(Crawled caption data)
+++

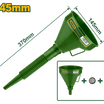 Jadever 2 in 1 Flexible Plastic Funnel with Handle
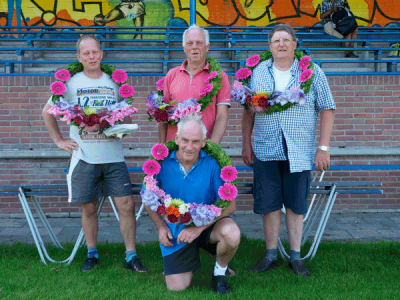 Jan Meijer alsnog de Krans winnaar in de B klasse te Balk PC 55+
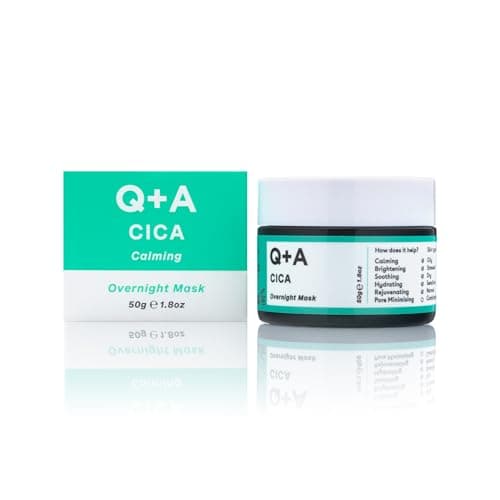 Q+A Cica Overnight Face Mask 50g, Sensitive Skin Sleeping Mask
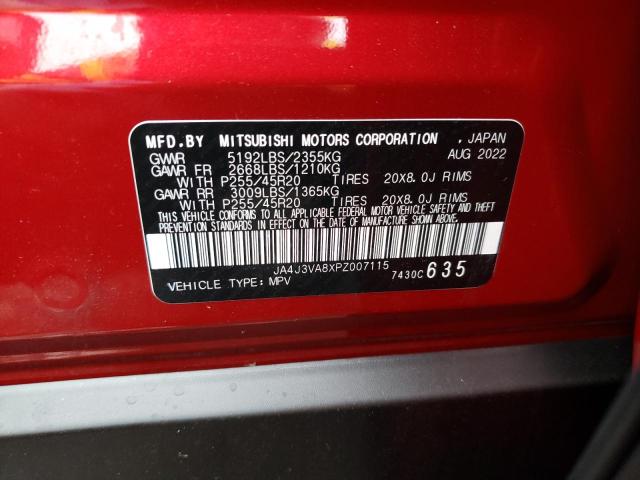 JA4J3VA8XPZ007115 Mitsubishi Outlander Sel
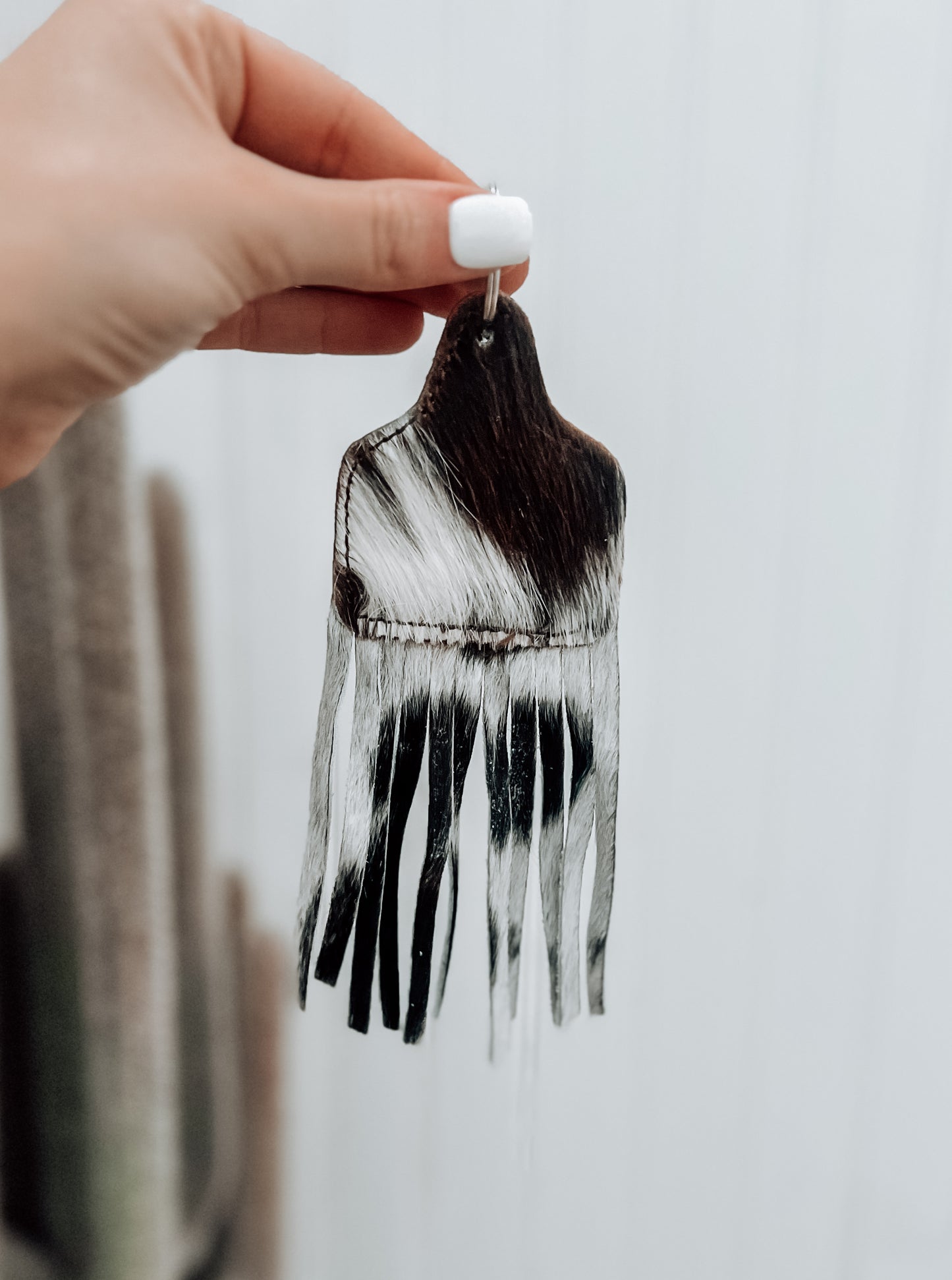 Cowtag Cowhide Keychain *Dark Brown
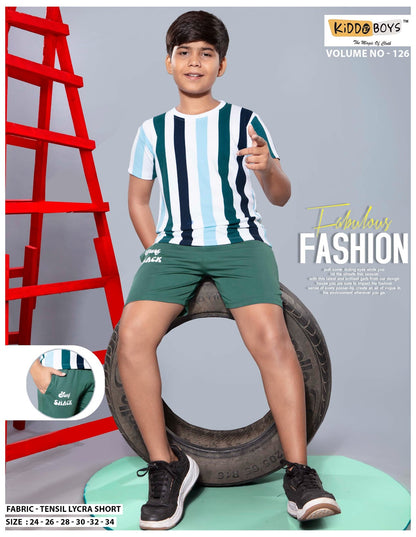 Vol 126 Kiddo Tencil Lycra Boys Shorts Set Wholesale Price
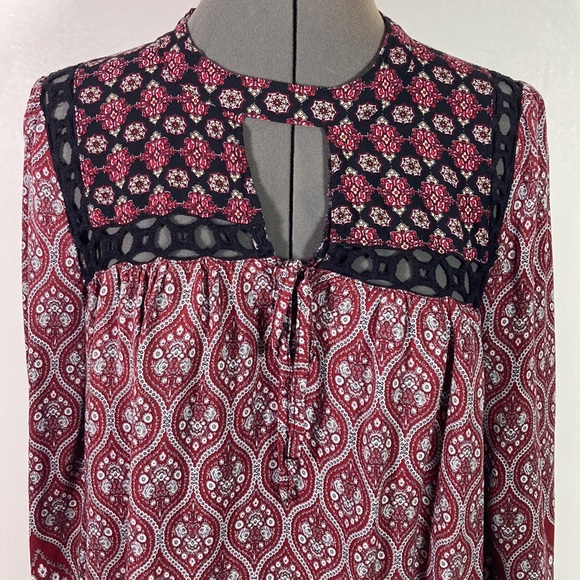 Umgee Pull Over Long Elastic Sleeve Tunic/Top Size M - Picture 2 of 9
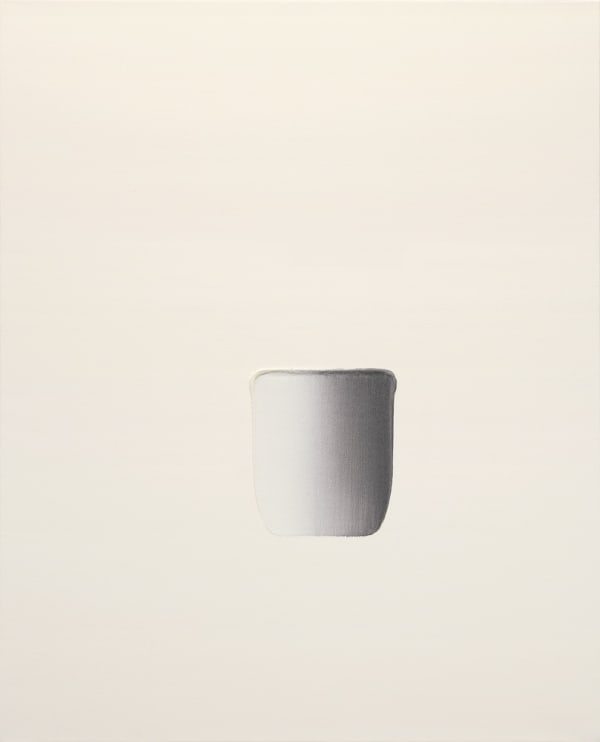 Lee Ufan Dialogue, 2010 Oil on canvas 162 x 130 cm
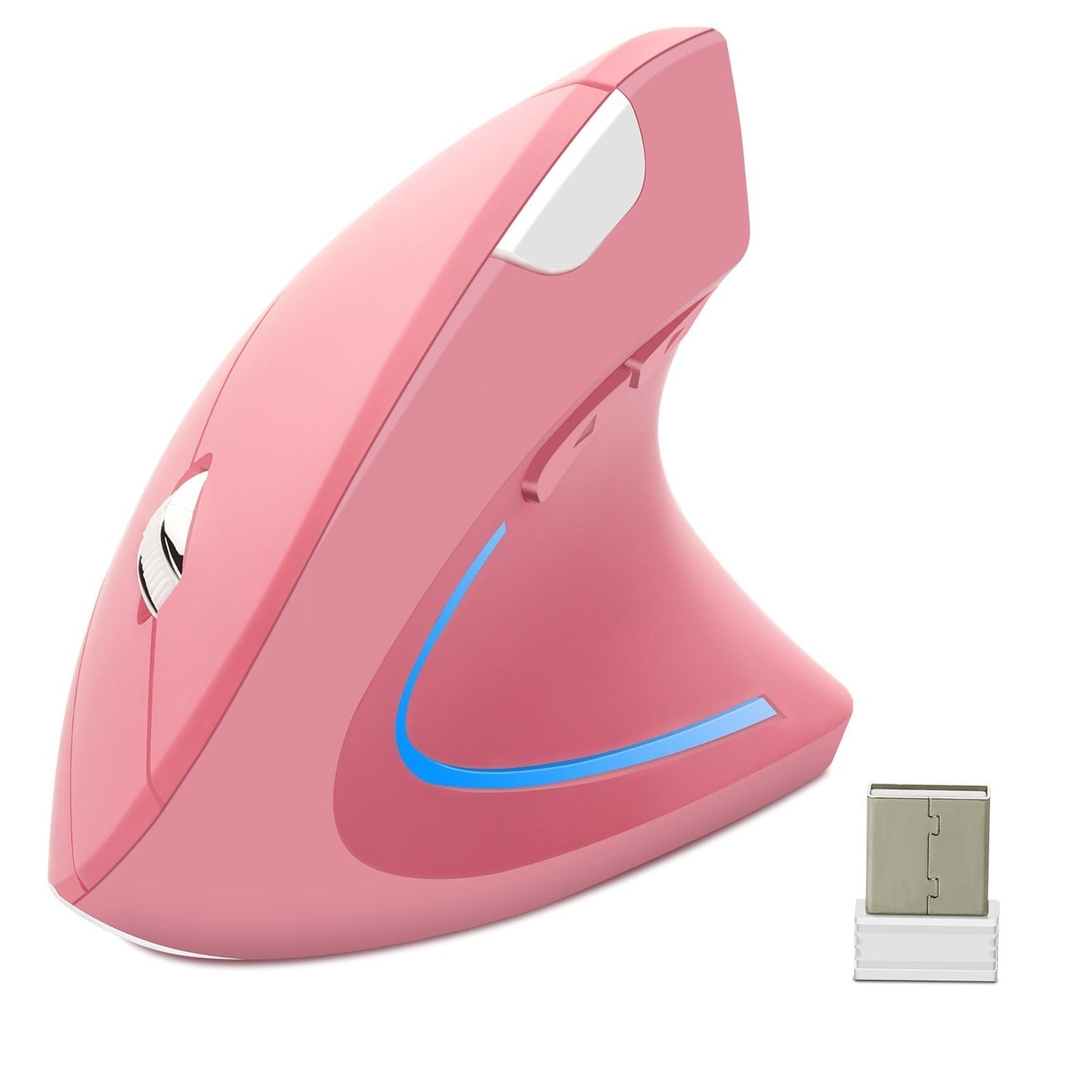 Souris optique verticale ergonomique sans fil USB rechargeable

+++

**Activity**
Could you reproduce the entries verbatim, leaving out all pictures?

**Exercise solution**
 Jadever 2 in 1 Flexible Plastic Funnel with Handle
 Jan Meijer alsnog de Krans winnaar in de B klasse te Balk PC 55+
 Q+A Cica Overnight Face Mask 50g, Sensitive Skin Sleeping Mask
 JA4J3VA8XPZ007115 Mitsubishi Outlander Sel
 Cowtag Cowhide Keychain *Dark Brown
 Vol 126 Kiddo Tencil Lycra Boys Shorts Set Wholesale Price
 Umgee Pull Over Long Elastic Sleeve Tunic/Top Size M - Picture 2 of 9
 Lee Ufan Dialogue, 2010 Oil on canvas 162 x 130 cm
 Souris optique verticale ergonomique sans fil USB rechargeable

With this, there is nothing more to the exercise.